Usa 2020. Come cambia la geografia politica
Gli orientamenti degli elettori neri, ispanici e asiatici e perché sarà utile tenere d’occhio la Florida
di Fabio Germani
La geografia politica degli Stati Uniti sta cambiando. È un processo che viene osservato già da alcuni anni, anche se i risultati a livello locale e nazionale sembrano ancora discostarsi di parecchio. Molti di questi mutamenti, ad ogni modo, derivano dalla composizione sociodemografica della popolazione. Rendiamo tutto più semplice: si ritiene che entro il 2050 (precedenti stime avevano indicato il 2042) i bianchi non costituiranno più la maggioranza assoluta dei cittadini americani.
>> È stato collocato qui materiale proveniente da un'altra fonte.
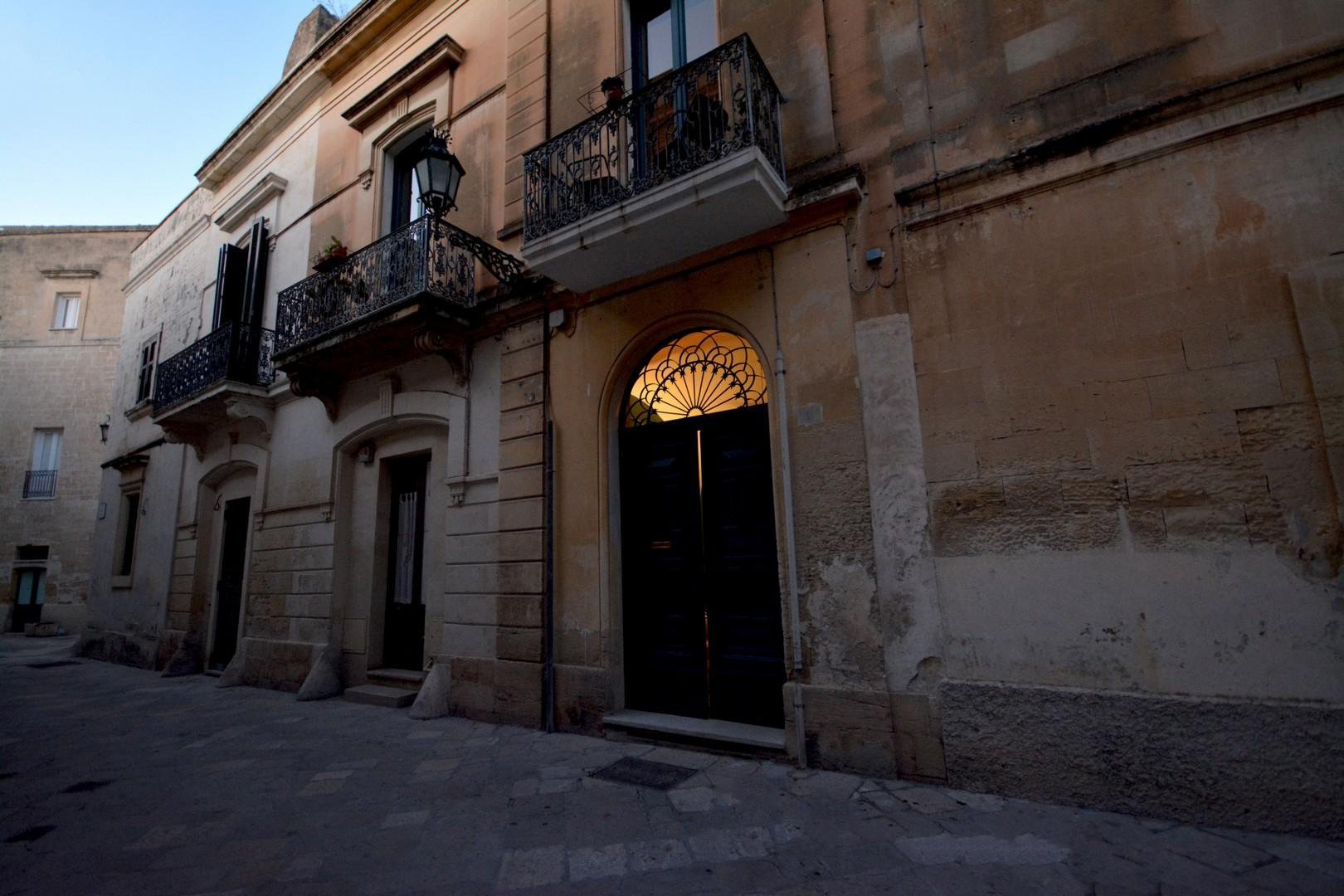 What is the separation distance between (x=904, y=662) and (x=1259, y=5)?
4521 mm

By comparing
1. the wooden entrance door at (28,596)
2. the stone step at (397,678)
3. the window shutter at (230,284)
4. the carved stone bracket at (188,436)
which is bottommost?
the stone step at (397,678)

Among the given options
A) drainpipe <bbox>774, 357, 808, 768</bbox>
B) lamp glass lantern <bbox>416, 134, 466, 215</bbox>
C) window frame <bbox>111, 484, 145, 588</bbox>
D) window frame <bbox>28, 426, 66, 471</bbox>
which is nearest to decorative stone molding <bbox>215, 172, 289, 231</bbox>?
window frame <bbox>111, 484, 145, 588</bbox>

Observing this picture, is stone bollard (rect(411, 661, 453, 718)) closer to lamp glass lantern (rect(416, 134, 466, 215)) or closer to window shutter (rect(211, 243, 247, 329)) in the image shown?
lamp glass lantern (rect(416, 134, 466, 215))

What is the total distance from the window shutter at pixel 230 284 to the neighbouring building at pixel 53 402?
13167mm

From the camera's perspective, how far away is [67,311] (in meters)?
20.7

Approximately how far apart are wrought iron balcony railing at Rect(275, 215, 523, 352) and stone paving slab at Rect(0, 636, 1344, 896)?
455 centimetres

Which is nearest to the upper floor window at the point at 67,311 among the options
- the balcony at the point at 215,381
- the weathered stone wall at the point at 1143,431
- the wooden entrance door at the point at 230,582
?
the balcony at the point at 215,381

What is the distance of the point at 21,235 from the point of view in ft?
68.5

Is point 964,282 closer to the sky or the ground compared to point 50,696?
closer to the sky

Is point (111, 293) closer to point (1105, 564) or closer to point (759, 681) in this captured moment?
point (759, 681)

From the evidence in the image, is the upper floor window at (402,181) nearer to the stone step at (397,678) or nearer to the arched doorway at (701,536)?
the arched doorway at (701,536)

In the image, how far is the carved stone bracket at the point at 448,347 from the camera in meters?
6.80

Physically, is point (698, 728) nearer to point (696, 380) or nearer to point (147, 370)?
point (696, 380)

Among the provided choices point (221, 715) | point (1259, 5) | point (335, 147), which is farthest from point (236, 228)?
point (1259, 5) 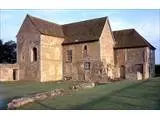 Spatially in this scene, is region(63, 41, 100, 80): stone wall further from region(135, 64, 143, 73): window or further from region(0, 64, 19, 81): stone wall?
region(0, 64, 19, 81): stone wall

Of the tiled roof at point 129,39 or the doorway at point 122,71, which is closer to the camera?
the tiled roof at point 129,39

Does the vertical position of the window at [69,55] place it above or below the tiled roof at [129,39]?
below

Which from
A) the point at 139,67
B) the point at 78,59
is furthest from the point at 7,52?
the point at 139,67

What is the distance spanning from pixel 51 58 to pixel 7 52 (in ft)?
59.1

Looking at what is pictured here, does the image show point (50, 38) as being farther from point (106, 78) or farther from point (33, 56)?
point (106, 78)

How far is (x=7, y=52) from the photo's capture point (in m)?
54.5

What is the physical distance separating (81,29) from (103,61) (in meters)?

La “nuova maggioranza” sarà quella che vedrà insieme le attuali minoranze, perlopiù latini, asiatici e afroamericani. In questo senso si guarda molto al Texas, Stato da sempre conservatore, ma che al suo interno presenta diversi puntini blu, che sono le città – la capitale Austin, ad esempio, ma anche Houston e Dallas – amministrate da sindaci democratici. È una tendenza generale, ovviamente. A livello nazionale – per i rappresentanti al Congresso o per la carica più importante, quella di presidente – a spuntarla sono di solito i candidati repubblicani: qui, nel 2016, Donald Trump vinse di nove punti su Hillary Clinton.
Dove i cambiamenti avvengono più rapidamente
A confermare il trend è un’analisi del Pew Research Center, secondo cui in tutti i 50 Stati Usa, la quota di elettori bianchi non ispanici è diminuita tra il 2000 e il 2018, con dieci Stati che hanno registrato cali a due cifre tra gli elettori bianchi. Nello stesso periodo, gli elettori ispanici sono arrivati a costituire quote sempre più grandi dell’elettorato in ogni Stato, soprattutto in Nevada, California e Texas, appunto, che hanno visto una rapida crescita della quota ispanica dell’elettorato nel giro di 18 anni. Queste dinamiche si registrano anche in alcuni dei cosiddetti Battleground States (gli Stati contendibili, dove non c’è un chiaro orientamento verso uno schieramento o l’altro), tipo Florida e Arizona.
L’orientamento politico per gruppi razziali ed etnici
Stando ai dati del Pew Research Center, nell’arco di oltre due decenni, il Partito democratico mantiene un ampio vantaggio di lunga data tra gli elettori registrati neri, ispanici e asiatici. Tra gli elettori bianchi, risulta esserci negli ultimi dieci anni un equilibrio piuttosto stabile, anche se il Partito repubblicano rimane in leggero vantaggio.
Occhio alla Florida
Da sempre la Florida è uno degli Stati più decisivi nella corsa alla Casa Bianca. Si ricorderà la contesa del 2000, con l’intervento della Corte Suprema, tra George W. Bush e Al Gore. Quattro anni fa, Trump in Florida vinse di poco. Nello Stato, riferisce sempre il Pew Research Center, due elettori ammissibili su dieci, nel 2018, erano ispanici, quasi il doppio della quota osservata nel 2000. Ma la questione, qui, è tanto più complessa. Perché va fatta una distinzione tra chi è di origine portoricana o messicana e chi è di origine cubana, comunità, quest’ultima, piuttosto presente in Florida. In generale, stando al National Survey of Latinos del 2018 del Pew Research Center, gli elettori ispanici di discendenza portoricana o messicana, indipendentemente dallo Stato di registrazione, erano più propensi di quelli di origine cubana a identificarsi come “democratici” o “inclini al Partito democratico” (il 65% dei portoricani americani e il 59% dei messicani americani contro il 37% dei cubani americani), mentre la maggioranza degli elettori cubani si definisce “repubblicano” o sostiene il Partito repubblicano (57%). Numerosi osservatori indicano, anche stavolta, la Florida quale Stato chiave per l’esito elettorale del 3 novembre. Secondo la media dei sondaggi elaborata da RealClearPolitics, il candidato dem Joe Biden avrebbe nello Stato un vantaggio sul presidente uscente di appena 1,5 punti, in lieve discesa dalle ultime rilevazioni.